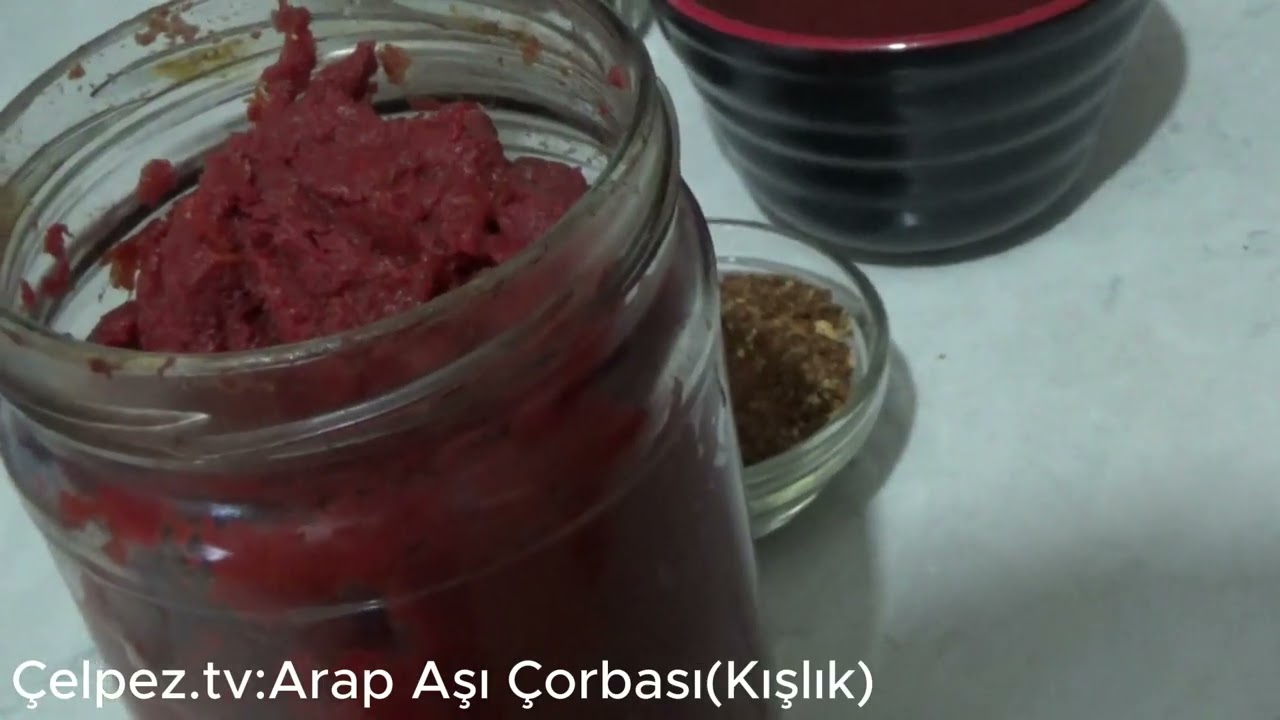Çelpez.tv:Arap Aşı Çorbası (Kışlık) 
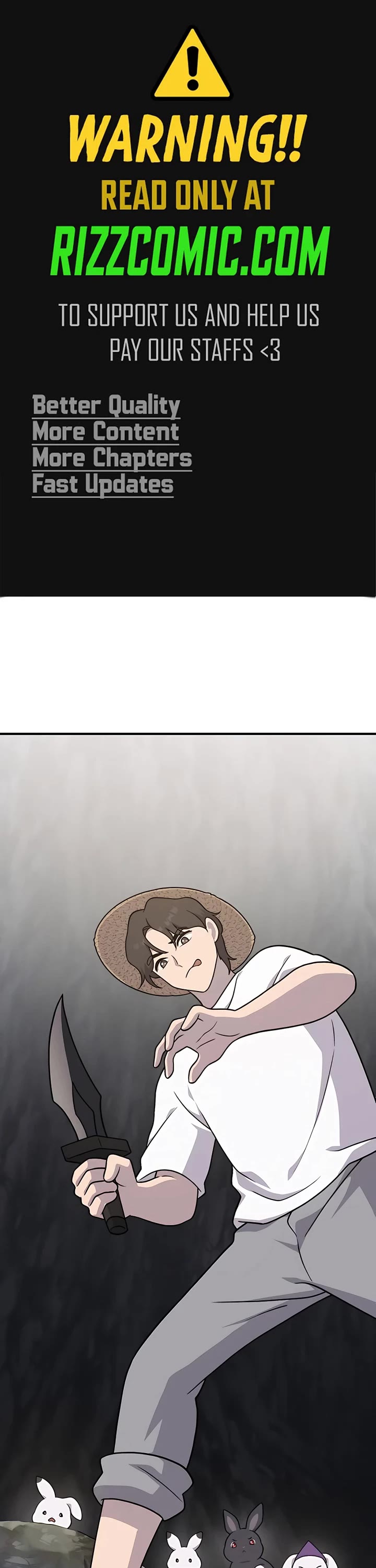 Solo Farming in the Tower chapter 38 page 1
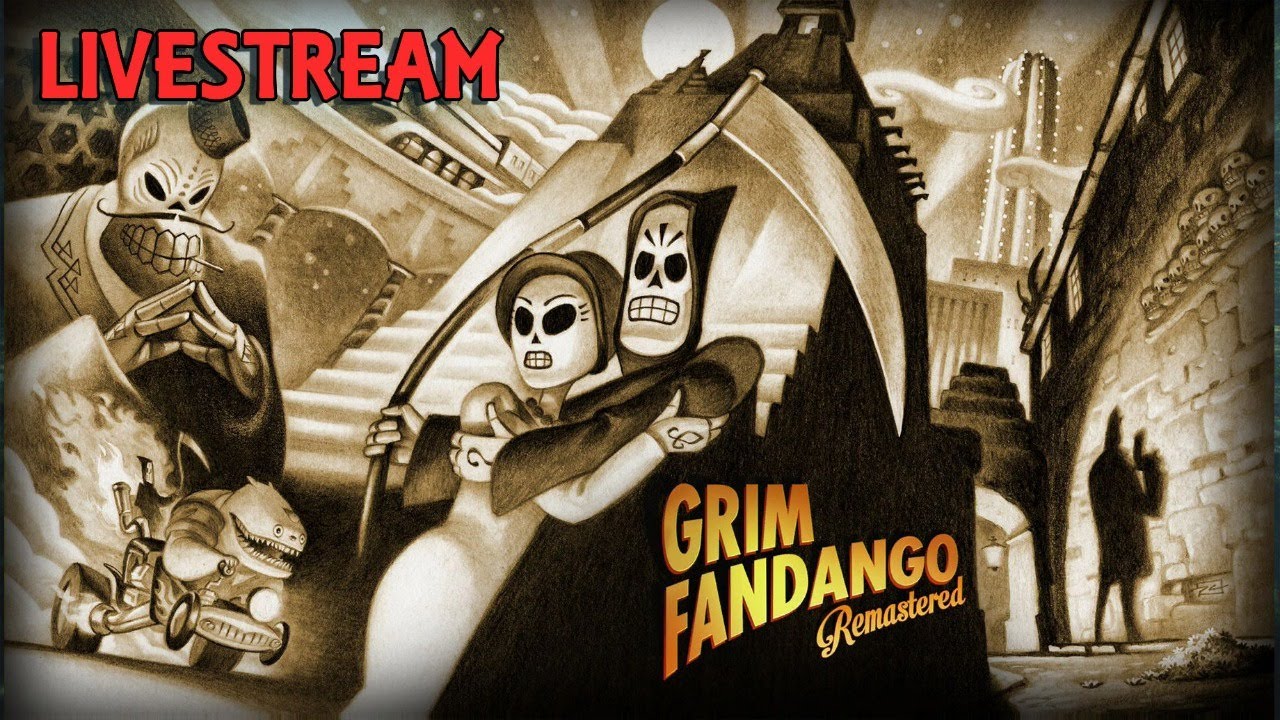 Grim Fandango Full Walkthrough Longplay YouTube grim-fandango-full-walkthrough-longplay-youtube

* * *

### What the task requires
Please ensure that the data above is repeated exactly, with no pictures in the copy.

### Solved exercise
Çelpez.tv:Arap Aşı Çorbası (Kışlık) 
 Solo Farming in the Tower chapter 38 page 1
 Grim Fandango Full Walkthrough Longplay YouTube grim-fandango-full-walkthrough-longplay-youtube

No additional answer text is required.